According to three sources with knowledge of the timeline, party leadership talked to the college group three weeks ago and then referred them to Jim Roosevelt for assistance. The exact nature of that help, however, is a matter of some contention -- details that could be illuminated by the forthcoming investigation. Bickford, according to Politico, said that the investigation would not begin until after the September 1 primary, so as not to influence the result.
"The Party was made aware of concerns of several members of organizations connected to the Party," Martinez told The Intercept, claiming the party retained its neutrality in the contest. "We referred the individuals expressing these concerns to legal counsel and had no further involvement in the matter." Bickford repeated this version of events to another source close to party leadership on Thursday afternoon [2020-08-13], but did not respond to requests for comment.

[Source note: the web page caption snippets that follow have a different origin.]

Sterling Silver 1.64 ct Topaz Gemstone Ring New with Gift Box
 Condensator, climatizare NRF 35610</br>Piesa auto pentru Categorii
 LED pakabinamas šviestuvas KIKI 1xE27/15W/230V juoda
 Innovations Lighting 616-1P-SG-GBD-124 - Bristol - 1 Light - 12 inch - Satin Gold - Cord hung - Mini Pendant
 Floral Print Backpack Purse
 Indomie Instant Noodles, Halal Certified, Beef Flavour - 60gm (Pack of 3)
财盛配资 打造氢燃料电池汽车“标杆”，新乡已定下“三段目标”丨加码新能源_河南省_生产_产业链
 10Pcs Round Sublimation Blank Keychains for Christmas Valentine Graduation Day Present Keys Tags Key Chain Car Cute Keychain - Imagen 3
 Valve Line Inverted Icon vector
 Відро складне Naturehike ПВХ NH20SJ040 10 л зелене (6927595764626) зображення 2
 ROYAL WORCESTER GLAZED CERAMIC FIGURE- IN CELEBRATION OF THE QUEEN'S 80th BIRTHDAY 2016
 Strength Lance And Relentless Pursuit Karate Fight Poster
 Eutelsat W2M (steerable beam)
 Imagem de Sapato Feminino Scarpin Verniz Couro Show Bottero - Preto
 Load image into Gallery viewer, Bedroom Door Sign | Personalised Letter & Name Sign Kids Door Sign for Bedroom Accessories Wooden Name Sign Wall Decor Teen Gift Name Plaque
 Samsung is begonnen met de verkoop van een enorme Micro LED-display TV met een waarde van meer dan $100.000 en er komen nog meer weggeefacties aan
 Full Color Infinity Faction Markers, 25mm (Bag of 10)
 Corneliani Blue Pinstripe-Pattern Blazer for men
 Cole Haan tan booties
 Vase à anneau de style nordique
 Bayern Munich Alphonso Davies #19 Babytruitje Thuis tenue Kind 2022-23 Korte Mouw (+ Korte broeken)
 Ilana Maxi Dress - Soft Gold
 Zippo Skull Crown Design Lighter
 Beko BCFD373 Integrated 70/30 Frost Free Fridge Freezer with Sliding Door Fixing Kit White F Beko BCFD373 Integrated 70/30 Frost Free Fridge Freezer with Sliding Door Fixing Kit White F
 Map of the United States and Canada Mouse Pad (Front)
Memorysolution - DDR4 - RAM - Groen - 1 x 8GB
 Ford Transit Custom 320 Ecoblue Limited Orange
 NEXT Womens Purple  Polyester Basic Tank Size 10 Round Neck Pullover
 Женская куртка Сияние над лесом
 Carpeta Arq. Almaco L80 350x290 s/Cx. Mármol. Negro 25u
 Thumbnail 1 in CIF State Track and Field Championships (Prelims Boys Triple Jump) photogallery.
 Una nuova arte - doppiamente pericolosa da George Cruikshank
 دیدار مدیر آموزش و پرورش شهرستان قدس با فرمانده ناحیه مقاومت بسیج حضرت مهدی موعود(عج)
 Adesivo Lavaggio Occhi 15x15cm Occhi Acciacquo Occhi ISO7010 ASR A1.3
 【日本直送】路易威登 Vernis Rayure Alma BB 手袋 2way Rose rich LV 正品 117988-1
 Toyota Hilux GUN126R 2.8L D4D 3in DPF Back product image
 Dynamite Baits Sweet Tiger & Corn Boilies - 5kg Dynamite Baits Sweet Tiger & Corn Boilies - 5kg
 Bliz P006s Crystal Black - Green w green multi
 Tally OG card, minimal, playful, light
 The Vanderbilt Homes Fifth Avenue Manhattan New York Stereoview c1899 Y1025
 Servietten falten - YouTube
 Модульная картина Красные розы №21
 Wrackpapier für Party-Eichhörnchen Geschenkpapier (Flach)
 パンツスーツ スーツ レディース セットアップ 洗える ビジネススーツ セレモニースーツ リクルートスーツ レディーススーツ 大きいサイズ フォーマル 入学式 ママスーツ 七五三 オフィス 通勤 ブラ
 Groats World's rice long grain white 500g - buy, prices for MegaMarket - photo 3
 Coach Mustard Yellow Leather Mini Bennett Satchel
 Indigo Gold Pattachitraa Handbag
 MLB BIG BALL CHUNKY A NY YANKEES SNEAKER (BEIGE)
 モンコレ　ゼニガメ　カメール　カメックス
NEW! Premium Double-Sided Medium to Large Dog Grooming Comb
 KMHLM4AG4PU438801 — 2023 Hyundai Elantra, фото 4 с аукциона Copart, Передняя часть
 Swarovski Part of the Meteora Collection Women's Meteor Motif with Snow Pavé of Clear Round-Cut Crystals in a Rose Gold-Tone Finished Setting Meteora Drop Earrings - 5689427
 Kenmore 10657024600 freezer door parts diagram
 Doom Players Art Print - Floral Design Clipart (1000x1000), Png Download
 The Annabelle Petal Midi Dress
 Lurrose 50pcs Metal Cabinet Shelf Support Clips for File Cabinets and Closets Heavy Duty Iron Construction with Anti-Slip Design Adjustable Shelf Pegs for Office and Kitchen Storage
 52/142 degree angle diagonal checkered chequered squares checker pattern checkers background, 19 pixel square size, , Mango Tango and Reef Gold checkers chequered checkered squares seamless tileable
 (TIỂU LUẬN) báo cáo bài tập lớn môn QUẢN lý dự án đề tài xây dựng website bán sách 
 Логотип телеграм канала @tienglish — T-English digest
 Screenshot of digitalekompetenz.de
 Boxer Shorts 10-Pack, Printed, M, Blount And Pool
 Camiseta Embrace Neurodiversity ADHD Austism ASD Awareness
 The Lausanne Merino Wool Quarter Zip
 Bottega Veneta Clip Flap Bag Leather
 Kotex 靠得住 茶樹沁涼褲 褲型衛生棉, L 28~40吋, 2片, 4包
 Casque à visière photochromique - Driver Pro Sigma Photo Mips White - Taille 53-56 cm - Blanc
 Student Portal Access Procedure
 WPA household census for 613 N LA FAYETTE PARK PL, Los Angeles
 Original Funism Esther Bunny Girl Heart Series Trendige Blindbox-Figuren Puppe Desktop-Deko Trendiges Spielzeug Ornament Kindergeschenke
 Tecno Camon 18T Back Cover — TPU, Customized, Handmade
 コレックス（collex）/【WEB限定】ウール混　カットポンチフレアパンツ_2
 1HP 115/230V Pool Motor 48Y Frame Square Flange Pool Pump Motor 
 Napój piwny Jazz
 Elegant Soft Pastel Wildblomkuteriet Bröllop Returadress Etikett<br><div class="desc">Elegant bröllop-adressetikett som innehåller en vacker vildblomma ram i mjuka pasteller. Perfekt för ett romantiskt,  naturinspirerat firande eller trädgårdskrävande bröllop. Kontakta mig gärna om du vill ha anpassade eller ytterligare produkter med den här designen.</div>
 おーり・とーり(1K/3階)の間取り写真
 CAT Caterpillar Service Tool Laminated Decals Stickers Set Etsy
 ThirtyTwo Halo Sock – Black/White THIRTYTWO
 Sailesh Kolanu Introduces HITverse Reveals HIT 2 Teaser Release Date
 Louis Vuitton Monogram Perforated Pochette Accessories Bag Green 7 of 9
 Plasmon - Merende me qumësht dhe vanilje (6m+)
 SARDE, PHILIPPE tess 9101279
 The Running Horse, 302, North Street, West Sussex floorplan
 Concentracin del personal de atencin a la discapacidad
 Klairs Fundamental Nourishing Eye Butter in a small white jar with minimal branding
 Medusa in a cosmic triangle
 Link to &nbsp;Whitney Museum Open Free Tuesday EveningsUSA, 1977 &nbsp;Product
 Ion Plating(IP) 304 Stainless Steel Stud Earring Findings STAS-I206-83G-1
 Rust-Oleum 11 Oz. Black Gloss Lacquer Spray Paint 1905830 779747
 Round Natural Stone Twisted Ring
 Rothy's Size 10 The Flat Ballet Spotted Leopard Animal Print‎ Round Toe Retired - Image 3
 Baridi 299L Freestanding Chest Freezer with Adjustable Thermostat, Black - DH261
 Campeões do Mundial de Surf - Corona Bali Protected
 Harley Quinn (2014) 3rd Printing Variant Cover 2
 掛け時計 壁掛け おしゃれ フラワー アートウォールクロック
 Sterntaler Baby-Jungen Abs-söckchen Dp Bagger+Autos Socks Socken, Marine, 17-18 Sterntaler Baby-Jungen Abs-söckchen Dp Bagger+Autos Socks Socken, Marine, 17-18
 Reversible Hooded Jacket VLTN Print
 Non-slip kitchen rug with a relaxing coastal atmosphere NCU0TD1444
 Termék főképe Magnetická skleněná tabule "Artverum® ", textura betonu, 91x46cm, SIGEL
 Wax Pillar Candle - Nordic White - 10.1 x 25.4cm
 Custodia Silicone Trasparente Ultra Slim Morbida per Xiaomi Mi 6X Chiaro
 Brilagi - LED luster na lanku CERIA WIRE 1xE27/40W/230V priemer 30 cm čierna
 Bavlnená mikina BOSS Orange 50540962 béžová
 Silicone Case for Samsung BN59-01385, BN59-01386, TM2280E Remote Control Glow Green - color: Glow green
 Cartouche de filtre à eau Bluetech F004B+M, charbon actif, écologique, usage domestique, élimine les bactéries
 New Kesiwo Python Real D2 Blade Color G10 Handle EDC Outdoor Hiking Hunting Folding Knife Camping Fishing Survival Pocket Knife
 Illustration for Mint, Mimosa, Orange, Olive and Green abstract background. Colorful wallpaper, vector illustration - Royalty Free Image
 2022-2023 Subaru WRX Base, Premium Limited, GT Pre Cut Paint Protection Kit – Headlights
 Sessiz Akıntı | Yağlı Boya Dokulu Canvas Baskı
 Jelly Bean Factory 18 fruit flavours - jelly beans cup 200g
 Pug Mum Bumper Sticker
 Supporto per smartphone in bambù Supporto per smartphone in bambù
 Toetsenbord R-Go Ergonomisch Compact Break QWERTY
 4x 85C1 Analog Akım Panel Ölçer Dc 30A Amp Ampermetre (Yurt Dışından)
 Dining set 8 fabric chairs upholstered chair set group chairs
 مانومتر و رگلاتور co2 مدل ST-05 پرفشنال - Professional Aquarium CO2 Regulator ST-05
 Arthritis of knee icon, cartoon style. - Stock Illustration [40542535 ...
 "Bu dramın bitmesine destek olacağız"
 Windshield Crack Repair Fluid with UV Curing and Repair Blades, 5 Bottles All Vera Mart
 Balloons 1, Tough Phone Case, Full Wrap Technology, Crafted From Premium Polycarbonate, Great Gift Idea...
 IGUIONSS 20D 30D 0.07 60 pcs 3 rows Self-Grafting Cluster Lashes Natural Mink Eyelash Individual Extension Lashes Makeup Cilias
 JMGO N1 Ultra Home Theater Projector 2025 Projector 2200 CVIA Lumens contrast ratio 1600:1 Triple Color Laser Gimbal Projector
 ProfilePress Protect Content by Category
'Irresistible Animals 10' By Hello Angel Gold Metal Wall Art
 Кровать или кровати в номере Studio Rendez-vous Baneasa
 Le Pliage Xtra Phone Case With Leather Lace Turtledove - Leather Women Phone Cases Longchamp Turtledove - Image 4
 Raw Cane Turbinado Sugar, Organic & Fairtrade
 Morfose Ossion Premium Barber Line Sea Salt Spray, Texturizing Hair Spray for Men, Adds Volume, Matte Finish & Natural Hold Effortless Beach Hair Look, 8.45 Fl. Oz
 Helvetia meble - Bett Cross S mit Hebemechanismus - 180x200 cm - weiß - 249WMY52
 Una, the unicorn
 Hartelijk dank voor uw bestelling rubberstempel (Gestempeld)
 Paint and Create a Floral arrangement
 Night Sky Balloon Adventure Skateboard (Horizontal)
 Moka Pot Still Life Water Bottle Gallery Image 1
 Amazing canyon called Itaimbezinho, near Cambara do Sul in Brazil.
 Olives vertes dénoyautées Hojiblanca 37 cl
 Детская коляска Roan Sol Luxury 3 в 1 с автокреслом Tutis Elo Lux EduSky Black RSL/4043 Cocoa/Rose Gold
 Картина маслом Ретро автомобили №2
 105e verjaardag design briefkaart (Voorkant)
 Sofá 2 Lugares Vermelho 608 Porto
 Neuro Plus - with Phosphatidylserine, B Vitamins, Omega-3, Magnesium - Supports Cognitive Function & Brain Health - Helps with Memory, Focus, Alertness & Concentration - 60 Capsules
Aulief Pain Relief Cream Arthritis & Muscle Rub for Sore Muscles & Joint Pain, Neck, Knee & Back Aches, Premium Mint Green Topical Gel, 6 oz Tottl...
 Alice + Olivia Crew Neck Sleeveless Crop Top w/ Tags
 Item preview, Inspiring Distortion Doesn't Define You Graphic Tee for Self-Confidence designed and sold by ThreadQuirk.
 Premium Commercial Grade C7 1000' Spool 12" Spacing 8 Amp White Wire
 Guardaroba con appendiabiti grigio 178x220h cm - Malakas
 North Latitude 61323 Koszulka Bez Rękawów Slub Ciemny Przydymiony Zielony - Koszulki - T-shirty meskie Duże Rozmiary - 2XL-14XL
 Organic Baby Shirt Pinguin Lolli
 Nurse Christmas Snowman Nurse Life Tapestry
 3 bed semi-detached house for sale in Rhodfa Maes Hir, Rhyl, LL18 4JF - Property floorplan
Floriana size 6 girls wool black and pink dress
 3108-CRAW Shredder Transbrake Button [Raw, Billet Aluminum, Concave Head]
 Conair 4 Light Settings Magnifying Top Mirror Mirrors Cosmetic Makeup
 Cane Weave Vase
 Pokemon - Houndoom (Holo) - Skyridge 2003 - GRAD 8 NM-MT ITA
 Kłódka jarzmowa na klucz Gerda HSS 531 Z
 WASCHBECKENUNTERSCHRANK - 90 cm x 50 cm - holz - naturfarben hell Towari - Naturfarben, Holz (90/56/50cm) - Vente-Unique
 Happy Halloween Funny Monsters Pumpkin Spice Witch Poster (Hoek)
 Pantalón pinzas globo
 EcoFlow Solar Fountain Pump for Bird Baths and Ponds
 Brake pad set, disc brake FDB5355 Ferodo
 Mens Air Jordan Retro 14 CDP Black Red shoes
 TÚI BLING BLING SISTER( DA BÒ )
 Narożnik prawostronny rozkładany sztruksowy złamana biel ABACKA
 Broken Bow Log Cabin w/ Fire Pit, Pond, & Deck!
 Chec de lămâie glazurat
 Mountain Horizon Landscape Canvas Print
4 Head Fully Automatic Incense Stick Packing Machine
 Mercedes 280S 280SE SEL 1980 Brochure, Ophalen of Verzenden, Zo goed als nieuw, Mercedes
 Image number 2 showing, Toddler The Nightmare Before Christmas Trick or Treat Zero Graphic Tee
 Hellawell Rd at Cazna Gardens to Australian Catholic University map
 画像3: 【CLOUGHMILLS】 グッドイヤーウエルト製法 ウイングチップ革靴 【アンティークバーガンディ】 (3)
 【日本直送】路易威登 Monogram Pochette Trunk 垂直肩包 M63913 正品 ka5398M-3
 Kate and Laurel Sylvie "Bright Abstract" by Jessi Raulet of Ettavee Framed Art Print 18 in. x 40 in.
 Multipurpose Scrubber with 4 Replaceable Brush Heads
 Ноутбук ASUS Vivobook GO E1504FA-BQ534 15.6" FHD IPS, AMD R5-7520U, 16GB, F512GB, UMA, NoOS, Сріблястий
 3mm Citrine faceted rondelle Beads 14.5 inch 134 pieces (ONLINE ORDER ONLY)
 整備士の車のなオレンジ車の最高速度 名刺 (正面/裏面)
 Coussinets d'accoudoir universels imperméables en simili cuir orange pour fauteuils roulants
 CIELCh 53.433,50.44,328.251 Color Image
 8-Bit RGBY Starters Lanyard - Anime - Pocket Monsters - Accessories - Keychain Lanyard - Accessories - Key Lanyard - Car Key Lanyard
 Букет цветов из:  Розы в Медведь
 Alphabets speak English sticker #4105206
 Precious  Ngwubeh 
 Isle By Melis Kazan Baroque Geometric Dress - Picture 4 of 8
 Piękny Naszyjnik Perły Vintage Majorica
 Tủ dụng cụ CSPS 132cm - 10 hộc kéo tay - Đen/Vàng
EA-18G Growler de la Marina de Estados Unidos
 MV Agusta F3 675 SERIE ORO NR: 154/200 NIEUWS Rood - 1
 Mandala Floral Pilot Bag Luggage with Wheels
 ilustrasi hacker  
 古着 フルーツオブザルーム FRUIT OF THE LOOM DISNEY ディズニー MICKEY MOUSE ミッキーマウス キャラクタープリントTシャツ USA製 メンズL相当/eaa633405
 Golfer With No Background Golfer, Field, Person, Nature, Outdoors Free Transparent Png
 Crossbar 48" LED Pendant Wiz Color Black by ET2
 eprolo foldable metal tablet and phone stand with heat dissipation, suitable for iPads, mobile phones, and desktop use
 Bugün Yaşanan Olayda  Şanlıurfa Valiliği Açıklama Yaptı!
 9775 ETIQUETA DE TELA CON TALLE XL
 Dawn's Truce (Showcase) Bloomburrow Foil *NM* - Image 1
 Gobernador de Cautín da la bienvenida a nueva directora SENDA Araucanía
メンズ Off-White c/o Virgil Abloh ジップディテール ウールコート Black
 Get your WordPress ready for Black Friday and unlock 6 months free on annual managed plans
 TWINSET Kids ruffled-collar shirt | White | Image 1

According to multiple sources close to the state party and the College Democrats, who spoke on condition of anonymity, after Gus Bickford and Veronica Martinez recommended him, Jim Roosevelt took control of the process and led UMass College Democrats leadership in the letter's composition. Reached by phone Thursday [2020-08-13], Jim Roosevelt told The Intercept he would not comment on work with clients.
Sources close to the college group told The Intercept that a number of members felt the best way forward was a private letter to Alex Morse that would remain between the young mayor and the organization. Roosevelt dismissed that idea, telling the group that a public letter would be more effective. The leadership of the UMass Amherst College Democrats have denied privately that they leaked the letter, which was published on August 7 2020, according to members of the chapter. Some of the leaders of the College Democrats were caught off guard when the article was published, according to the messages.
Some members of the group, however, had been trying to plant the story since at least April 2020, when CDMA leadership began telling members of the high school affiliate about the group's intent to sabotage the Morse campaign, according to three sources within the Massachusetts High School Democrats. Around the same time in April 2020, Grace Panetta, a politics reporter at Business Insider, began to receive emails from a "creepyalexmorse@protonmail.com" email address. According to Panetta, the body of these emails contained the names and email addresses of three students involved with CDMA who could confirm the vague accusations against Morse, two of whom discussed a plan to sabotage the Morse campaign as far back as October 2019, as reported in The Intercept's Wednesday article.
Panetta did not bite, sensing something off about the tip. A subsequent attempt to land the story in Politico in June also fell short. It wasn't until the new strategy was developed -- a private letter to Morse that solicited a response, both of which where published by the Daily Collegian -- that the group was able to take long-running rumors about Morse and turn them into a potentially career-ending scandal.